Molti, infatti, scaricano la colpa sull’altro, minimizzando. Una distorsione comune anche nel racconto pubblico della violenza, come ha osservato l’avvocata Maria Concetta Tringali: spesso si narra dal punto di vista di chi la compie, attenuandone la gravità.

Un momento dell'incontro
Lo psicoterapeuta Antonello Arculeo ha approfondito il tema della rabbia, emozione umana che, se non gestita, diventa distruttiva. “Chi agisce violenza spesso non riconosce l’impatto che ha sugli altri, nemmeno sui figli che assistono in silenzio.” A mancare è soprattutto l’empatia, la capacità di mettersi nei panni dell’altro.

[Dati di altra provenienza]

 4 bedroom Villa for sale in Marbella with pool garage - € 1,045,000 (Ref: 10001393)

Infine, la consapevolezza: Il terzo elemento, forse il più importante. “Chi partecipa ai nostri percorsi non è un criminale in carcere,” ha puntualizzato il dott. Arculeo. “Sono persone comuni, molto diverse tra loro, ma accomunate da una nuova consapevolezza: quella di aver oltrepassato un limite e di voler cambiare.”

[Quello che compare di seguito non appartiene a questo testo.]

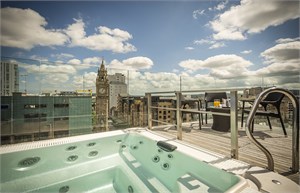 Rooftop Hot tub 2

Eppure, il cambiamento non è garantito. Non tutti coloro che iniziano un percorso arrivano alla fine. Alcuni vengono esclusi, altri interrompono, e in diversi casi – ha ricordato l’avvocata Armenia – “vengono redatte relazioni negative alle autorità giudiziarie, proprio perché non emergono segnali reali di evoluzione”.
Un esempio emblematico di ridimensionamento della violenza è quello dello stalking, spesso confuso con atti “romantici” o “insistenti”. Chiamate continue, richieste di foto, controllo costante: molti giovani, come emerso da una recente indagine di Save The Children, non riconoscono questi gesti come violenti. Li normalizzano. Li accettano.
Ed è proprio in questo terreno ambiguo e pericoloso che il lavoro educativo diventa essenziale. “Non si può lavorare sulla violenza - ha affermato Arculeo - se prima non si riconoscono i gesti quotidiani che la alimentano: un commento fuori luogo, uno sguardo di disprezzo, un tentativo di controllo.”

Alcuni dati illustrati nel corso del convegno
A chiudere il dibattito è stata l’avvocata Maria Concetta Tringali, che ha voluto sfatare uno degli stereotipi più pericolosi: “Diffidate da chi parla di un omicidio come di un gesto improvviso, dettato dalla rabbia del momento. La verità è che ogni femminicidio è l’esito di un’escalation: violenze ripetute, scuse, promesse di cambiamento. Un ciclo che si ripete finché qualcuno, o qualcosa, non lo interrompe.”
È su questa consapevolezza che si fonda anche il prossimo appuntamento promosso dall’Università di Catania: I panni sporchi si lavano in pubblico, un flash mob dal respiro nazionale che si terrà il 5 giugno a Catania. L’iniziativa nasce con un messaggio forte e chiaro: la violenza non è un fatto privato. Non possiamo più permettere che rimanga chiusa tra le mura di casa, taciuta, giustificata, nascosta.
Portare simbolicamente “i panni sporchi” in piazza significa rompere il silenzio, assumersi la responsabilità collettiva dell’ascolto e del cambiamento. È un invito rivolto a tutta la comunità – studentesca, accademica, cittadina – a farsi parte attiva nella costruzione di una cultura fondata sul rispetto, sulla parità, sulla prevenzione della violenza in tutte le sue forme.
Perché di violenza si può e si deve parlare. E farlo pubblicamente è il primo passo per non sentirsi soli. Il primo passo per cambiare.